Now I know what you’re thinking, this sounds like 1998’s Very Bad Things by Peter Berg where something very similar takes place. This is not that movie. Very Bad Things is a dark comedy that challenged its audience with a profound moral exploration. Rough Night will barely challenge your gag reflex. It’s neither philosophically nor pharyngealicly challenging as the murder isn’t actually the narrative center, it’s merely the catalyst that gets the four girls to reengage each other in a meaningful way. Expanding the difference is that in Very Bad Things, the specter of getting caught loomed large whereas there’s not a single moment during Rough Night where the girls ever feel like they’re in danger of prosecution. At first, this seems like an extraordinary let-down for a film hyped around the idea of “girls behaving badly”, but as Aniello’s script is far more interested in exploring the girls and their relationships, it makes sense that the dead body storyline rapidly becomes secondary.

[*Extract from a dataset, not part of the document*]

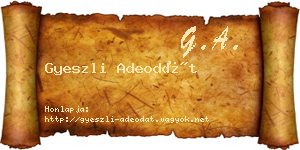 Gyeszli Adeodát névjegykártya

This is not to suggest that the dead body isn’t important. In fact, it’s the reason that the weekend getaway for the girls is actually rejuvenative for them at all. Strange idea, right? Maybe, but the execution of Rough Night works thanks in equal parts to the script and the cast. Aniello, with co-writer Paul W. Downs (who pulls double-duty as Jess’s fiancée Peter), craft a world based in reality, where the comedy is born of genuine phenomenon and not some heightened, surreal experience where things escalate to the point of absurdity. In fact, the clever observer will notice that there are clues to the conclusion placed in the background, setting up a final confrontation that’s both hilarious and somewhat unexpected. Because the world is rooted in reality, Aniello’s characters, even at their most outrageous, never reduce themselves to caricature or parody. They talk about sex, drugs, their personal lives, and personal hygiene. They wax nostalgic for the past, argue about the present, and worry about the future. Sure, they also engage in desecration of a human corpse, but that’s what friends are for, right?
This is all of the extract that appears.